Source: IMS Research
In the FTA market, the Google brand may prove a key differentiator in itself. At almost no additional cost, a FTA box maker can put Android’s Robot logo on its packaging and increase sales. Its STB will probably never be connected to the Internet, but that is not important—consumers will buy the Android box (at the same price as a competitor’s) because it “might be.” Indeed, many of these STBs will be for standard definition MPEG-2 video, unable to support Web video, and if they have a Web browser, it will be only for basic surfing with the ability to run some casual games.
Other box providers may seek to offer a much more compelling hybrid Internet-broadcast video experience. The model here would be similar to that already emerging for Internet TVs and Blu-ray Disc (BD) players, both of which are arguably better-placed markets for taking advantage of Android’s full capabilities.
A further complication here is that while adding Web video to an STB sounds attractive on the surface, there are some commercial tensions. To the consumer, access to the on-demand streaming video already offered by companies such as Netflix, Blockbuster and Hulu can add a great deal of value. However, these services are at a very early stage in their global deployment, so there is as yet no uniform international demand for such options. Perhaps more pertinently though, a pay-TV/broadband operator may not wish to allow access to such services from its box, on the basis that such access will ‘devalue’ any on-demand services it markets itself.

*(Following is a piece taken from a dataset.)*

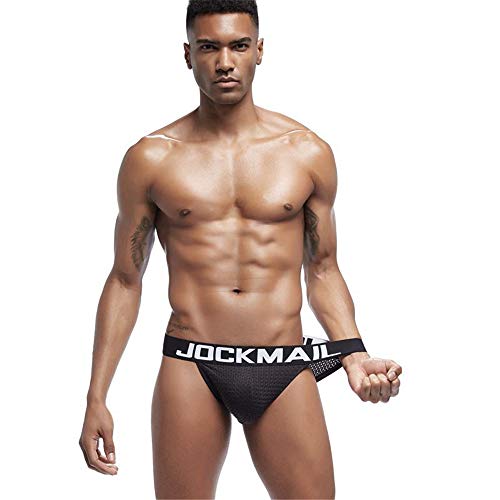 JOCKMAIL 4PCS/Pack Sexy Men Briefs Mens Underwear Comfortable Mesh Mens Bikini Briefs Male Lace Panties3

Pay-TV operators are much more protective of their user experience branding than mobile operators, and only the most maverick (e.g., Free in France) have shown any willingness to open up their platforms—they still favor the traditional ‘walled garden’ model. While such operators will use Android’s capabilities to implement what they can comfortably control, and enjoy the benefits of reduced STB qualification costs thanks to the uniform software platform, they will be very hesitant to let Google or any other entity co-opt the branding of the TV experience itself.
Android is likely to help enable the launch of low-cost IP-video/Web-server-based VoD rollouts by smaller IPTV and cable operators. However, its wider value in the pay-TV STB market will come down to its technical merits as a standardized Linux build—with the brand (and thereby Google’s association with the services offered) kept ‘under the hood’.
One thing that could add a great deal of value for Android in pay-TV is the ability to emulate Java-for-TV, the Open Cable Application Platform (OCAP), Europe’s Multimedia Home Platform (MHP), Globally Executable MHP, BD Java, Ginga) in the Dalvik VM. Dalvik VM environments that mirror the various GEM flavors should be a priority for this ecosystem. A royalty-free OCAP stack will give Android a unique value proposition for the lucrative U.S. cable market, and the other GEM flavors would be very valuable in Korea, Italy and Brazil.
Finally, a word of caution. Fragmentation could kill Android in the STB space—especially as the standard Google builds of Android must be modified. The Open Embedded Software Foundation lacks the means on its own to prevent fragmentation, leaving the task to MIPS and ARM—both of whom are working hard to create and maintain standardized builds for each environment. However, without some willingness on the part of Google to at least tacitly acknowledge the importance of the STB market by creating a build for it that runs without modification, box makers could simply go back to the chip-specific Linux builds they have been using. Froyo, the platform’s next version, is rumored to meet this need, but that has yet to be confirmed.